The Conjuring

Runtime:  1 hour, 51 minutes
Rating: R
Director:  James Wan

Quick Impressions:
My husband and I almost never go to horror movies.  Neither of us wants me to get so terrified that I can’t sleep for a week, and plus horror movies are really scary.  In an earlier review, I explained that I like only beautiful horror.  No exorcisms or Satanic vomiting for me, thank you!  And yet somehow we ended up at The Conjuring. 

(Spoiler alert:  Well, no I changed my mind.  I won’t tell you.  But do I have to tell you, really?  Surely previews and word of mouth are enough to let sensible people know what to expect from The Conjuring.)
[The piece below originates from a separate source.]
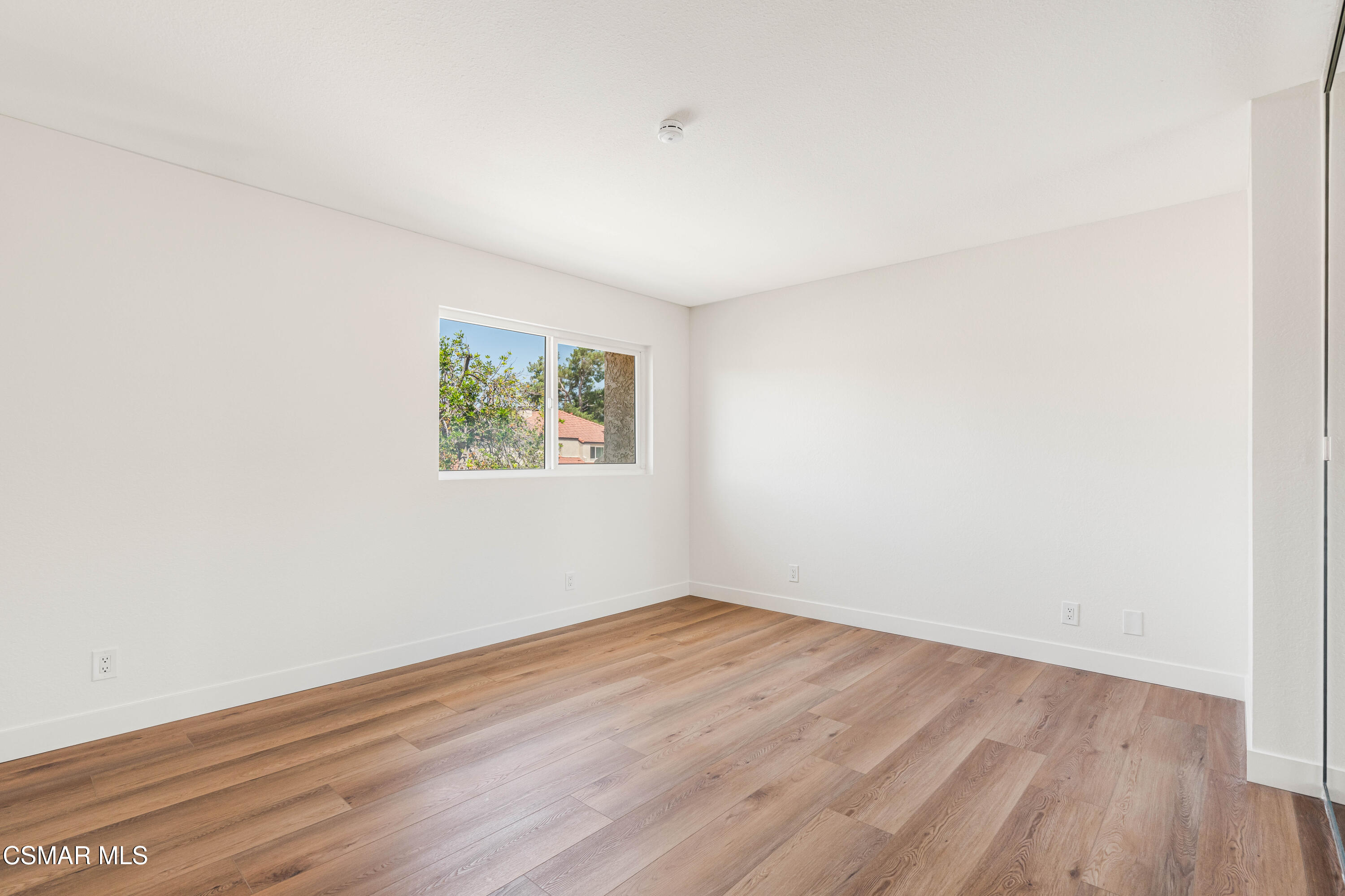 2332 Hampton Avenue Simi Valley, CA 93063 - Photo 19 of 34 an empty room with wooden floor and window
I don’t think my husband realized what we were getting into until the previews started.  Here’s the thing.  We went on vacation last week and didn’t get a chance yet to take the kids to Turbo, but that didn’t seem appropriate for date night.  We wanted to watch something that was relatively new, not aimed at kids, and yet also playing at the brand new theater we were desperately excited to check out.
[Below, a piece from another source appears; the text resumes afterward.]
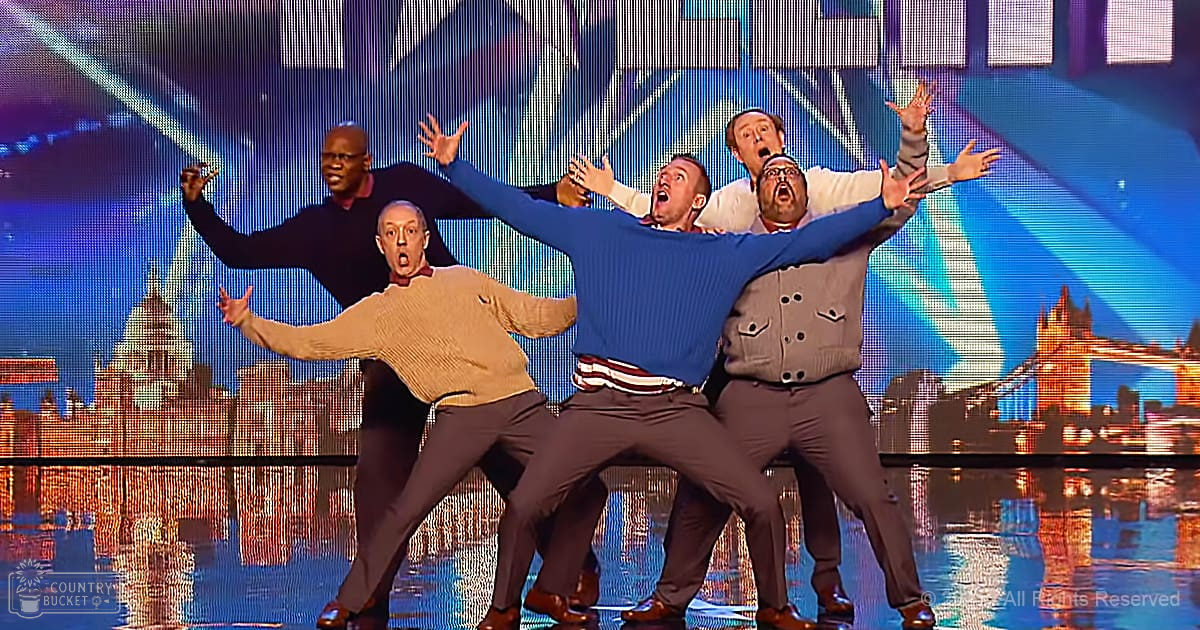 Group performing on stage with a cityscape backdrop at 'Britain's Got Talent' event.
No, I don’t like Satanic vomiting, but I do love bottomless popcorn, an extensive drinks menu, and cool Planet of the Apes theming (including a giant statue of The Lawgiver).  I also like Vera Farmiga (and not just because her name reminds me of veal parmesan—which I feel so conflicted about enjoying—and makes me crave Italian food; she’s also a very good actress), Patrick Wilson, and Lili Taylor.  While none of them is my all-time favorite actor, that’s a pretty high caliber cast for a horror movie.  I figured they wouldn’t bother casting real actors unless they needed real acting.  As it turns out, the gorgeous and memorable Joey King is also in the cast.
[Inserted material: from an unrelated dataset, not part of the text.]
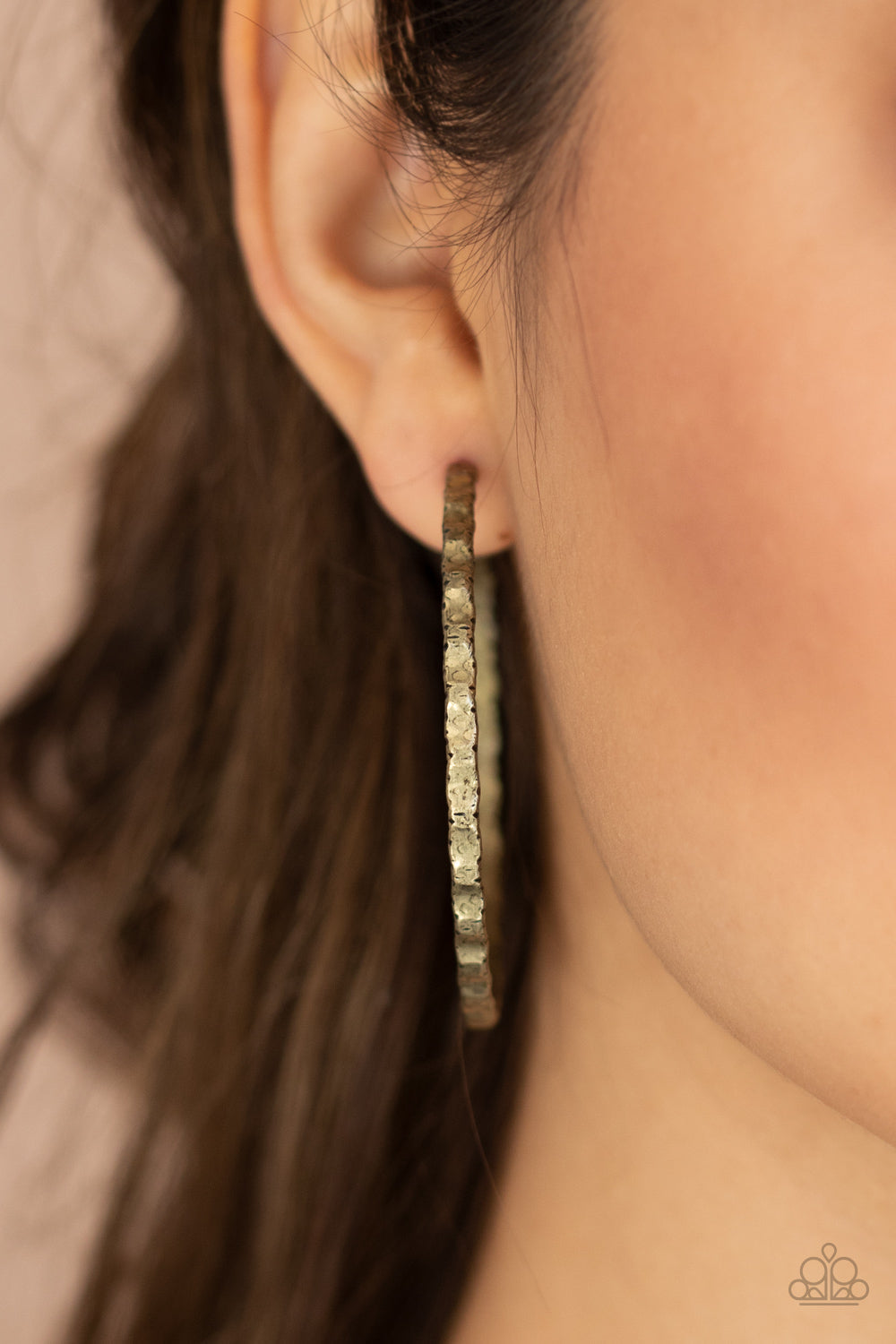 Grungy Grit - Brass Hoop Earrings - Paparazzi Accessories - Brushed in an antiqued finish, a gritty brass hoop is hammered in grungy details for an edgy industrial flair. Earring attaches to a standard post fitting. Hoop measures approximately 2" in diameter.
While admittedly, it is scary as Hell, The Conjuring surprised me by being easy to watch and quite enjoyable.  The cast is good, the story is coherent, and the cinematography is nice.  Plus the movie provides a pretty good mix of spooky set up, psychological horror, jump scares, and viscerally disgusting evilry (that’s like evil revelry, you know).  The main musical theme is horrifically discordant, loud, and the auditory equivalent of gargoyle puke, but that seems to be the effect it’s going for, so what can you do?

The Good:
This movie is scary, and that’s the whole idea, so it ought to get bonus points for being terrifying.  About two months ago, after a night time stroll through a cemetery, I became completely convinced that our bedroom was haunted.  (Well, I wasn’t completely convinced in the day time—only at night when I’d start awake because I could feel somebody grabbing my feet or I’d see somebody standing at the foot of the bed staring at me.  But, after all, as my husband pointed out, we had all been in the cemetery, and we were all in the house, and only I saw the ghost, and ghosts don’t follow you home.)  So as I watched The Conjuring, my thoughts went in three directions at once.  I kept thinking:

1.) This is not that scary.  The beginning is actually quite slow.  It takes a long time creating a creepy mood.  Maybe I’ve been avoiding horror movies for no reason.  Maybe I’m tougher than I think.  This is not the slightest bit scary at all.  It’s very easy to detach myself from the story.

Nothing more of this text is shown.